Aber es geht nicht nur um die Universitäten. Wirtschaftskammer-Präsident Christoph Leitl berichtet vom verbreiteten Auftreten quasi-analphabetischer Lehrlinge. Ein Staat, der das zulässt, noch dazu mit einem relativ teuren Schulsystem, hat sie nicht mehr alle. Aus den Lehrlingen sollen einmal Facharbeiter werden, oder?

Vielleicht muss man die jetzige Regierung so bewerten: Ihre Prioritäten waren von Beginn an auf Reparatur ausgerichtet: Pensionssystem repapieren, Budget reparieren – alles wichtig; manches gelungen, manches nicht. Aber so notwendig es gewesen sein mag, es war rückwärtsgerichtet, eine Korrektur der verhassten großen Koalition/Sozialpartnerschaft ("Ich war gegen die Koalition mit der FPÖ", sagt heute ein Wirtschaftspolitiker der ÖVP, "aber auch bei mir war das Aha-Erlebnis, wo ich gesagt habe, mit Betontypen wie dem Nürnberger geht es nicht mehr").
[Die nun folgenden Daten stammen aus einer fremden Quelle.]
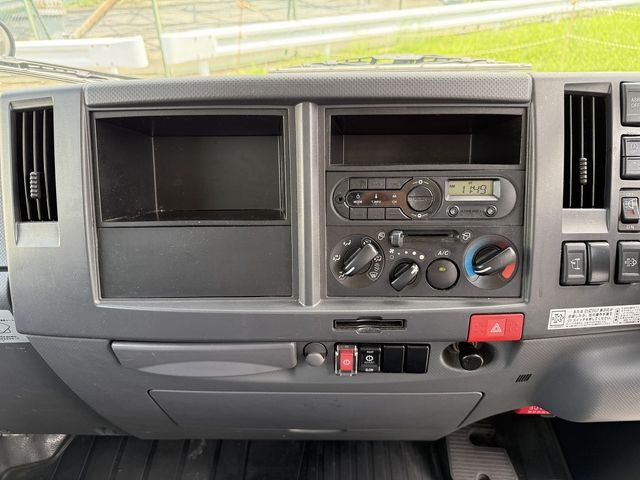 ISUZU ELF 2016 Image 31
Inzwischen haben sich aber die Paradigmen geändert. Die Globalisierung zieht uns den Teppich unter den Füßen weg. Die Sanierung des Pensionssystem hilft nichts, wenn unsere relativ einfach strukturierte Produktion und damit Arbeitsplätze in die "neuen Länder" abwandern. Das Nulldefizit, ohnehin eine Scharlatanerie, ist wertlos, wenn die Mittel für ein massives geistiges Upgrading des gesamten Bildungs- und Forschungswesens fehlen. Das sind die falschen Prioritäten. (DER STANDARD, Printausgabe, 23.8.2005)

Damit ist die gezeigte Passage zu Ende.